*** Block opens ***

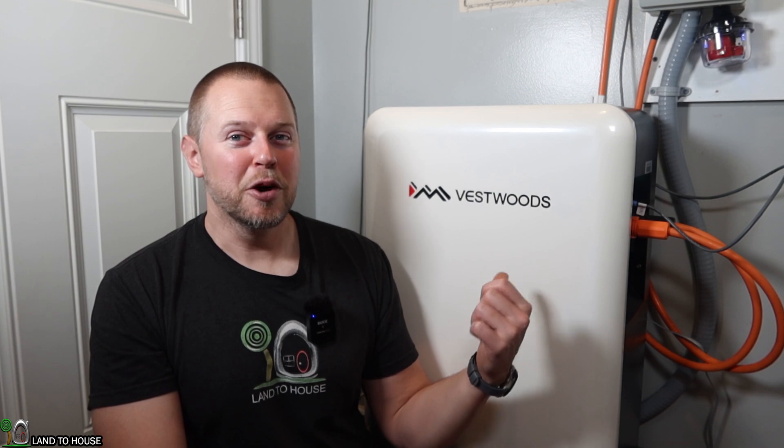Welcome to Land A House. I'm Seth. This is the Vestwoods 14.33 kilowatt hour lithium iron phosphate whole house battery. Vestwoods sent this over to me so that I could show it to you. When coupled with an 8 kilowatt inverter, this thing is able to tackle pretty much all of your household electrical needs.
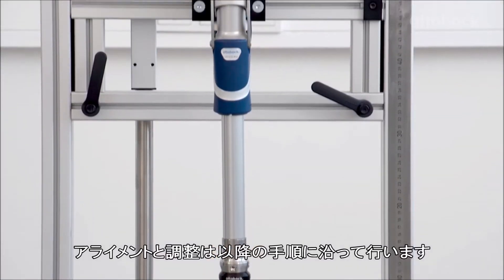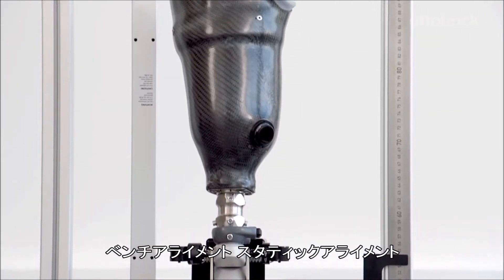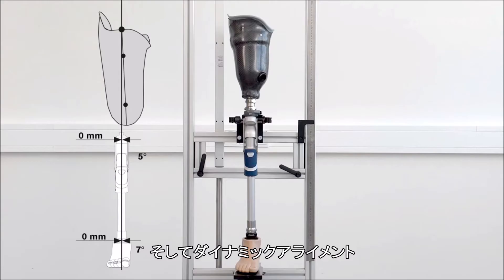The alignment and adjustments are easily completed in the following steps: bench alignment, static alignment, and dynamic trial fitting.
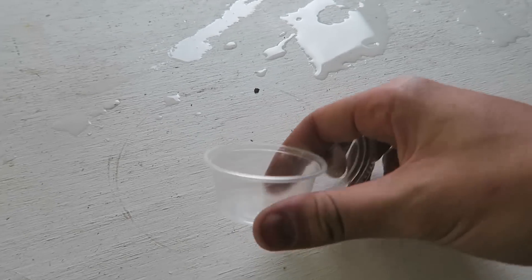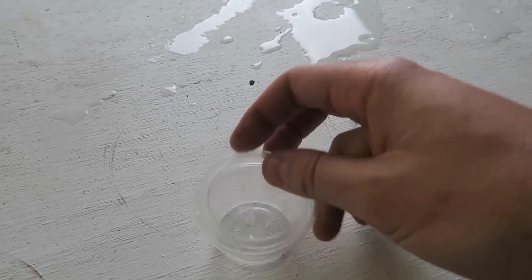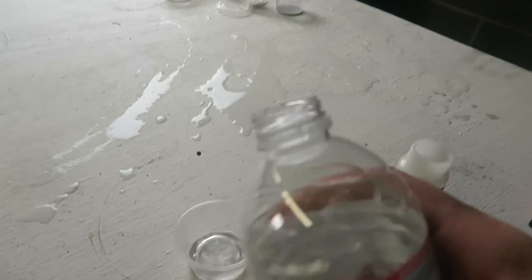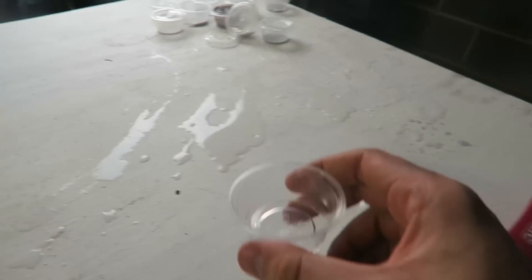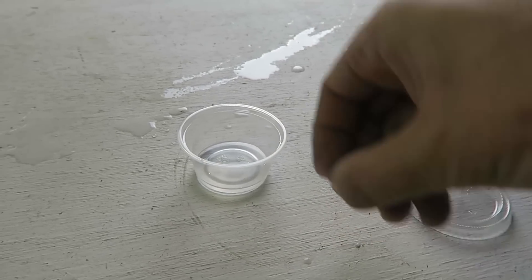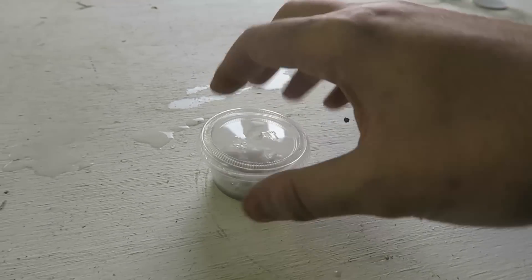So for this experiment we're going to need one of those little cups with the lid. Do not attempt to make it bigger than this. Then we're going to pour a little bit of water — we just need a drop — then we're going to throw a couple pieces inside of this cup and close it right away.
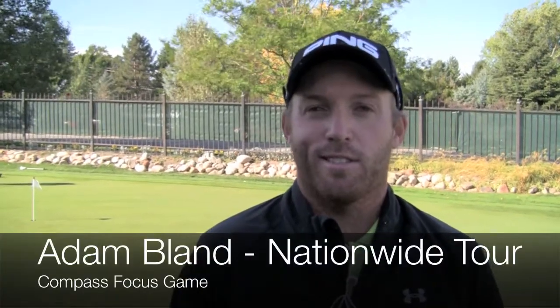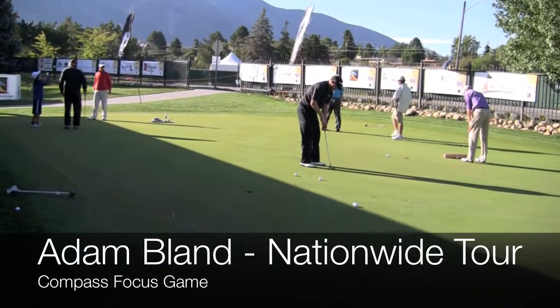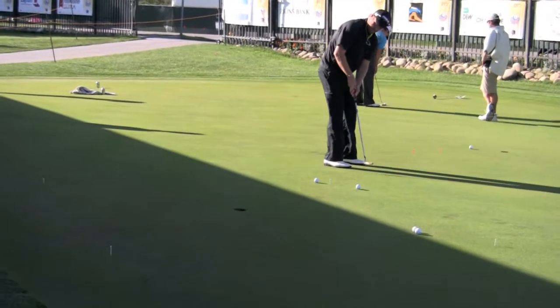I'm Adam Bland from Adelaide, Australia. The drill that I do for my putting is around about five foot, with four corners of the hole covered. Just go through your proper routine and line your ball up.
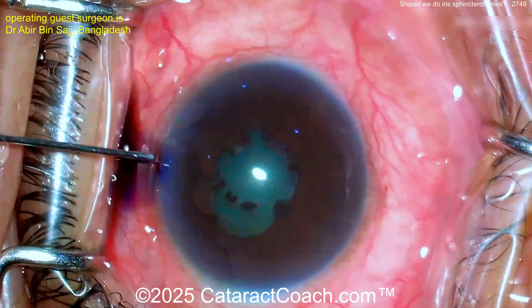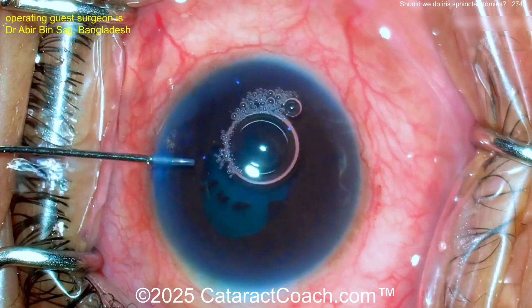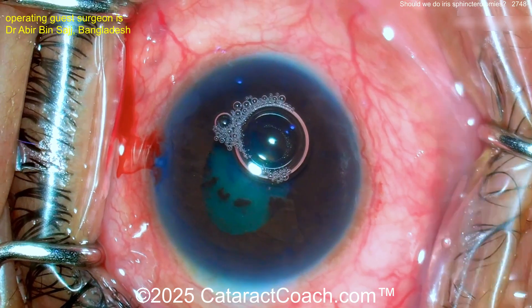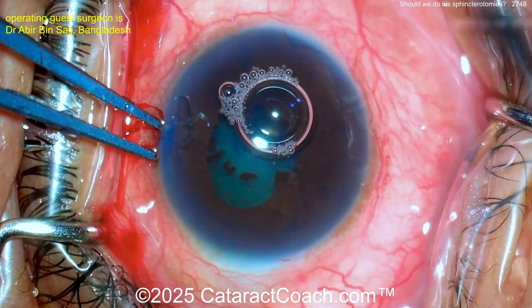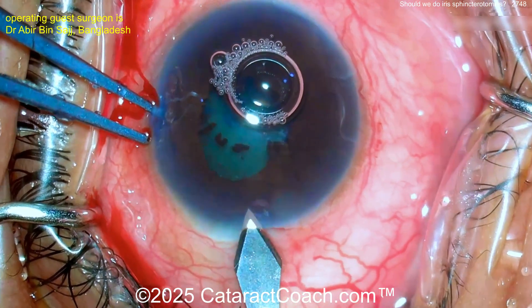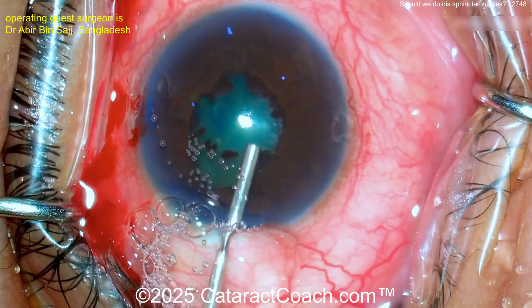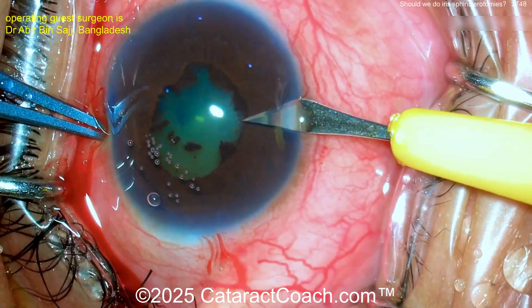Here's the paracentesis going in and a little trypan blue. I don't do it this way — I like tiny droplets of trypan blue placed under the iris, so when you expand the pupil you actually have stained iris, because this method only stains the part of the capsule that's exposed right now. Here we're making the main incision, putting some HPMC viscoelastic inside the eye, and now another paracentesis.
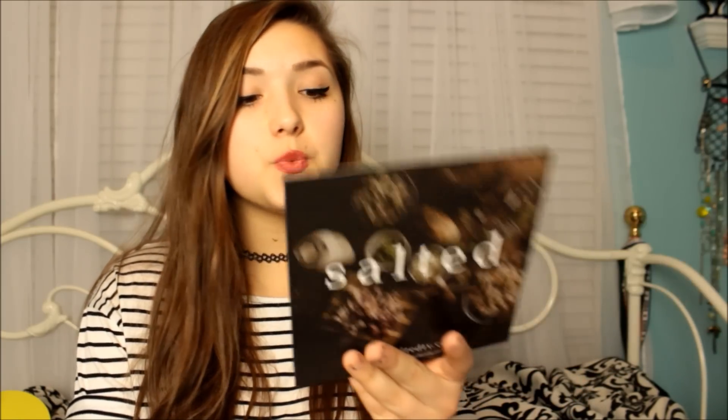Next I'm pulling out this pamphlet that says Salted on it. It says it's exclusive cooking classes with the nation's top chefs, and it's giving me a free three-month trial. It's regularly $9.99 a month, so that's $30 for free, which is really awesome.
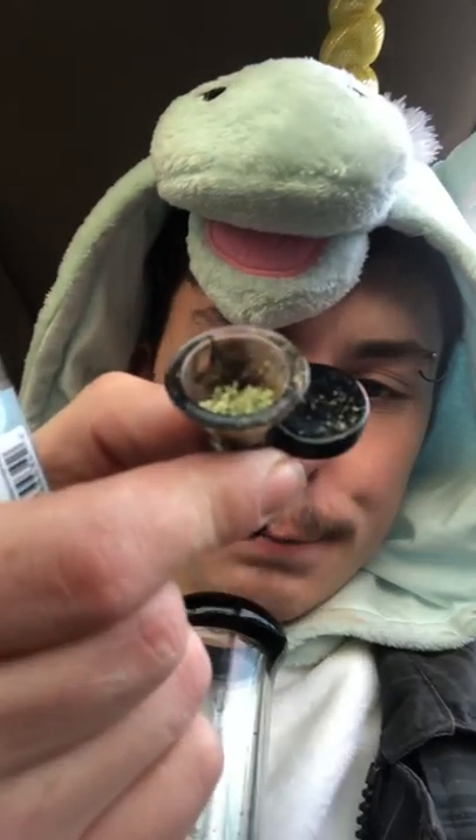Oh look at that, it's nice fresh green. We're gonna now smoke on some of this Zenberry and give my official review. We've got a nice bowl loaded — just a small one because I don't know how harsh it's gonna be, but we're gonna get a nice taste here.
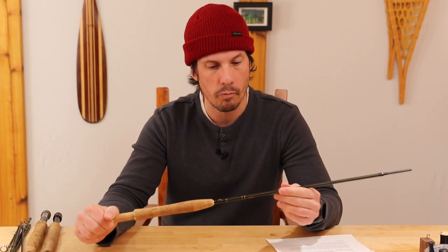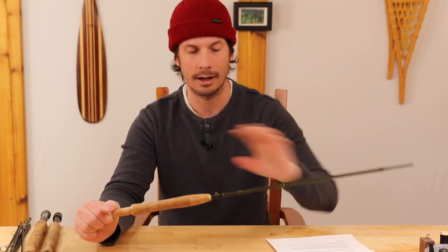Rod blanks could be all sorts of different materials, but primarily you're going to see graphite, and sometimes Kevlar or carbon fiber. There's also fiberglass — a more affordable option, but depending on where it's made it could be quite expensive. Another one that comes to mind is bamboo, which is really expensive. We're not going to touch on that because it's a little beyond the scope of most people — it's more of a specialty thing.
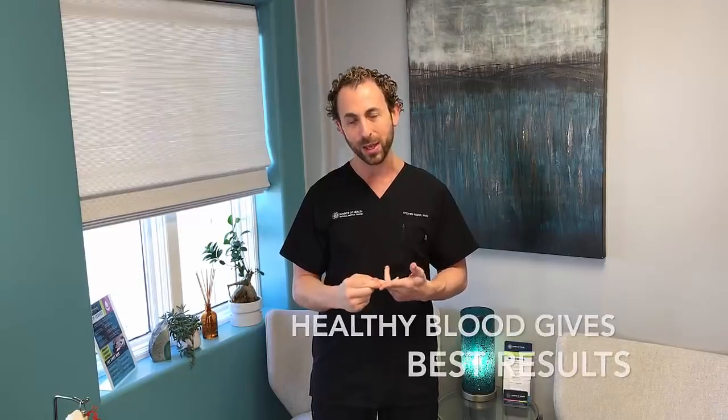We always want to make sure we can take a look at your blood work and make sure that you're healthy. Why should we do this? Well, don't you want to see great results? You want to see the best results possible. So we take a multi-pronged approach and PRP fits into what's called regenerative medicine.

*** Block closes ***

→ WORK ITEM: Retype the data above in full, exactly as it stands, and skip any image.

→ FINAL ANSWER:
Welcome to Land A House. I'm Seth. This is the Vestwoods 14.33 kilowatt hour lithium iron phosphate whole house battery. Vestwoods sent this over to me so that I could show it to you. When coupled with an 8 kilowatt inverter, this thing is able to tackle pretty much all of your household electrical needs.
The alignment and adjustments are easily completed in the following steps: bench alignment, static alignment, and dynamic trial fitting.
So for this experiment we're going to need one of those little cups with the lid. Do not attempt to make it bigger than this. Then we're going to pour a little bit of water — we just need a drop — then we're going to throw a couple pieces inside of this cup and close it right away.
I'm Adam Bland from Adelaide, Australia. The drill that I do for my putting is around about five foot, with four corners of the hole covered. Just go through your proper routine and line your ball up.
Here's the paracentesis going in and a little trypan blue. I don't do it this way — I like tiny droplets of trypan blue placed under the iris, so when you expand the pupil you actually have stained iris, because this method only stains the part of the capsule that's exposed right now. Here we're making the main incision, putting some HPMC viscoelastic inside the eye, and now another paracentesis.
Next I'm pulling out this pamphlet that says Salted on it. It says it's exclusive cooking classes with the nation's top chefs, and it's giving me a free three-month trial. It's regularly $9.99 a month, so that's $30 for free, which is really awesome.
Oh look at that, it's nice fresh green. We're gonna now smoke on some of this Zenberry and give my official review. We've got a nice bowl loaded — just a small one because I don't know how harsh it's gonna be, but we're gonna get a nice taste here.
Rod blanks could be all sorts of different materials, but primarily you're going to see graphite, and sometimes Kevlar or carbon fiber. There's also fiberglass — a more affordable option, but depending on where it's made it could be quite expensive. Another one that comes to mind is bamboo, which is really expensive. We're not going to touch on that because it's a little beyond the scope of most people — it's more of a specialty thing.
We always want to make sure we can take a look at your blood work and make sure that you're healthy. Why should we do this? Well, don't you want to see great results? You want to see the best results possible. So we take a multi-pronged approach and PRP fits into what's called regenerative medicine.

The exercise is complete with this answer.